That's the best compliment you can get on stitching! Thanks a lot. My stitching was really transformed when a company from South Korea started making these new stitching irons that work extremely well


----------



## NeilYeag (Jul 21, 2017)

cabomhn said:


> That's the best compliment you can get on stitching! Thanks a lot. My stitching was really transformed when a company from South Korea started making these new stitching irons that work extremely well



Can you give me the details on the stitching irons I would like to check them out. The ones I have are not so great.

Thanks,

Neil


----------



## cabomhn (Jul 21, 2017)

NeilYeag said:


> Can you give me the details on the stitching irons I would like to check them out. The ones I have are not so great.
> 
> Thanks,
> 
> Neil



Absolutely. Mind you, they are expensive, but, that being said I treated these as an investment into my product quality and small "business". What type do you currently have? 

The KS blade punch are considered "combination irons", meaning that they leave a hole similar to if you were piercing with an awl but are actually meant to be driven all the way through the leather. They don't have a big taper so your top hole isn't much larger than your bottom hole where you've punched through. I've been able to punch through as much as 16oz of leather using these. One way these have really benefited me is my backside stitching, where my old cheapo chisels would produce inconsistent holes on the backside making it hard for me to get consistent angled stitching. For reference on the KS blade size, my irons are their 3.0mm spacing, which equates to approximately 9 spi or so. As far as teeth combination, a 2 tooth + 10 teeth set lets you be ready for pretty much all stitching combinations. I was hesitant about the 10 tooth when I bought it and it being hard to pull out of the leather, but these teeth come so well polished the thing just glides out without a lot of trouble. For comparison, in my cheapo old irons, I would be lucky if I ever even got to use my 6 tooth because it was too hard to pull out of the leather.

I'm not sure if you are familiar with Vergez Blanchard, Amy Roke, etc, but these irons are meant to "prick" the hole but the hole is meant to be finished by an awl. I apologize if you know all this already just trying to put down some info. One nice benefit of the KS iron is that if you really screw up and drive your KS blade irons into something hard (like a granite block etc) and screw up one of the teeth, they can be replaced individually and don't require you to buy a whole new tool. Some people don't like their modular construction because they aren't as "pretty" as the Blanchard irons, but to me, I care about how well they function and these things work great. They have a low center of gravity which makes them not prone to tilting on you when driving them with a maul. 

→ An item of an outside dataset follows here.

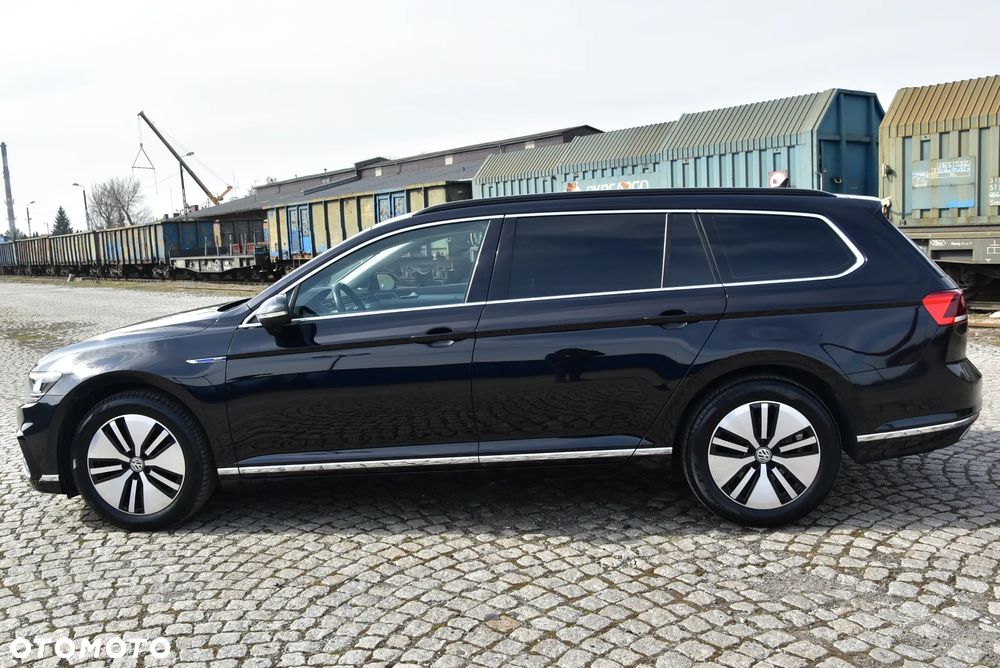Volkswagen Passat 1.4 TSI Plug-In Hybrid GTE DSG - 4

All around, expensive tool, but you get what you pay for. The owner Jin is a great guy and extremely friendly to your questions. A lot of people reach out to him on Instagram and get to know him a bit and he hands out 15% off coupons a decent amount to people, which is a pretty significant savings. 

http://ksbladepunch.com/

Reactions: Thank You! 1


----------



## Wildthings (Jul 21, 2017)

cabomhn said:


> That's the best compliment you can get on stitching! Thanks a lot. My stitching was really transformed when a company from South Korea started making these new stitching irons that work extremely well


Link?


----------



## cabomhn (Jul 21, 2017)

Wildthings said:


> Link?



Check out my previous post I added a link at the bottom

Reactions: Like 1


----------



## RogerC (Jul 23, 2017)

Awesome job looks great.

Reactions: Thank You! 1


----------



## NeilYeag (Jul 23, 2017)

Great info. The ones I have are just basic ones from Tandy, OK going through thin stuff, but anything thick enough for knife sheaths forget about it. And for sure the 5 prong one if you pounded it through anything thick it is almost impossible to pull out. I finally just used them to mark the spacing and then drilled the holes out. Works OK, but the stitching effect is certainly different. I looked at the ones that you reference. the prices seem reasonable for what they are. I am a little confused about the spacing options. What do you think is right for sheaths?


----------



## cabomhn (Jul 24, 2017)

NeilYeag said:


> Great info. The ones I have are just basic ones from Tandy, OK going through thin stuff, but anything thick enough for knife sheaths forget about it. And for sure the 5 prong one if you pounded it through anything thick it is almost impossible to pull out. I finally just used them to mark the spacing and then drilled the holes out. Works OK, but the stitching effect is certainly different. I looked at the ones that you reference. the prices seem reasonable for what they are. I am a little confused about the spacing options. What do you think is right for sheaths?



Saw this as I'm getting ready for my flight to taker off. I'll be sure to get back to this when I'm home in about a week. Sorry!!


----------



## Strider (Oct 12, 2017)

I've seen cool but this is so much better! :)
Sweet find!


----------